Er ist der Dichter des schweren Nachmittagslichts, der flimmernden Unruhe und schwebend-zarten Melancholie: Eduard von Keyserling, der "Fontane in Moll" (Tilman Krause). Eindrucksvoll bestätigt er in diesem Erzählband seinen Ruf als großartiger Stilist und Virtuose des literarischen Impressionismus in Deutschland.

Erneut sind es subtile Seelendramen, die Keyserling vor der Kulisse einer intensiv empfundenen Natur stimmungsvoll und mit sicherem Blick für die Psychologie seiner Figuren in Szene setzt: In "Seine Liebeserfahrung", der ersten Erzählung, umspielt er den eitlen Narzissmus eines angehenden Schriftstellers mit ironischer Heiterkeit. Als der junge Mann eine offensichtlich unglücklich verheiratete Dame kennenlernt, bleibt er allzulange über seine Gefühle für sie im Unklaren, laviert und vergibt das nahe Glück.

Zu zögerlich agiert auch der Held der zweiten Erzählung, ein zielloser Weltreisender, der nach langer Trennung erstmals wieder auf seine seelisch labile Ehefrau trifft. Die Gesellschaft auf dem heimischen Schloss scheint ihm fremd, er glaubt die "Harmonie" der Anwesenden zu stören, doch zu einer offenen Aussprache fehlen ihm Kraft und Entschlossenheit.

Die Landvilla einer wohlhabenden Bankiersfamilie ist schließlich Schauplatz der titelgebenden Geschichte, in deren Mittelpunkt der elfjährige Sohn Paul steht.
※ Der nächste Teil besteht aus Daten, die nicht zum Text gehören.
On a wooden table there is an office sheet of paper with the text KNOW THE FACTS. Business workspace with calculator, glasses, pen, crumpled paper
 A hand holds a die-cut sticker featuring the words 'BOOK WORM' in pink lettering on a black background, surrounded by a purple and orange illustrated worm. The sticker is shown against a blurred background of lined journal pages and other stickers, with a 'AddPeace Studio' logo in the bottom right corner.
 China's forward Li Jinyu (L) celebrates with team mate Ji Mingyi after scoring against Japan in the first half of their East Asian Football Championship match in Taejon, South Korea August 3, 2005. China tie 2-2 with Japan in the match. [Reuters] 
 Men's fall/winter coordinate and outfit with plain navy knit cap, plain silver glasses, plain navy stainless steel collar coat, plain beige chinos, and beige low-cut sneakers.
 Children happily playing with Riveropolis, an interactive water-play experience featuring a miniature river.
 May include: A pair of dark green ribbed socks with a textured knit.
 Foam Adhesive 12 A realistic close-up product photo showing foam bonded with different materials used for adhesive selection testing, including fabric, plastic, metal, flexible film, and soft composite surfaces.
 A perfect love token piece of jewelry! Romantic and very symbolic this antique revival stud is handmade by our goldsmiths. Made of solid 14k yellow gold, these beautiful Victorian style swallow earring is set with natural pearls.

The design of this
Der Knabe, der "ein seltsam starkes Gefühl für die Unsicherheit unsres Daseins" hat, beobachtet das Werben eines leichtlebigen Bankvolontärs um seine Mutter mit Neugier; erwachen doch auch in ihm erstmals Gefühle für eine junge Dame. Am Vorabend des Ersten Weltkrieges angesiedelt, erweist sich Keyserlings Erzählung als zarte Elegie auf das Leben einer Gesellschaft voller unbefriedigter Sehnsüchte.
Autorenporträt
Eduard von Keyserling (1855-1918) stammt aus altem baltischen Geschlecht, studierte Kunst und Jura und begann zugleich mit dem Schreiben. Als freier Schriftsteller lebte er zunächst in Wien, später in Italien und München, wo er zeitweise der Schwabinger Boheme angehörte. Durch eine Krankheit erblindet, vereinsamte Keyserling in den letzten Jahren seines Lebens zunehmend.
Rezensionen

Frankfurter Allgemeine Zeitung - Rezension
Frankfurter Allgemeine Zeitung | Besprechung von 28.08.2007

Aussterben ist vornehm
Sommerhaus 1914: Eduard von Keyserlings Meisternovellen

Was geht uns das Landjunkertum der vorvergangenen Jahrhundertwende an? Eine Menge, wie die Erzählungen Eduard von Keyserlings beweisen. Das dekadente Personal litt, worunter auch wir Heutigen leiden.

Die Titel klingen nach der Lieblingslektüre einer Urgroßtante: "Im stillen Winkel", "Harmonie". Das verschreckt heutige Leser. Deshalb muss man es laut sagen: Die drei Novellen gehören zum Besten, Modernsten, was Eduard von Keyserling geschrieben hat. Aus Romanen wie "Wellen" und meisterhaften Novellen wie "Am Südhang" kennt man ihn als impressionistischen Stimmungskünstler der vorletzten Jahrhundertwende, als elegischen Beschwörer baltisch-kurländischer Landschaften. Die verlorene Zeit des dort ansässigen Adels rekonstruiert er in seinem Erzählgedächtnis, wie sie in der Realität der Landjunker selten gewesen sein dürfte: bis zum Lebensüberdruss verfeinert. "Die Elmts waren so vornehm, dass sie kaum leben konnten. Sie starben auch aus. . . Aussterben ist vornehm."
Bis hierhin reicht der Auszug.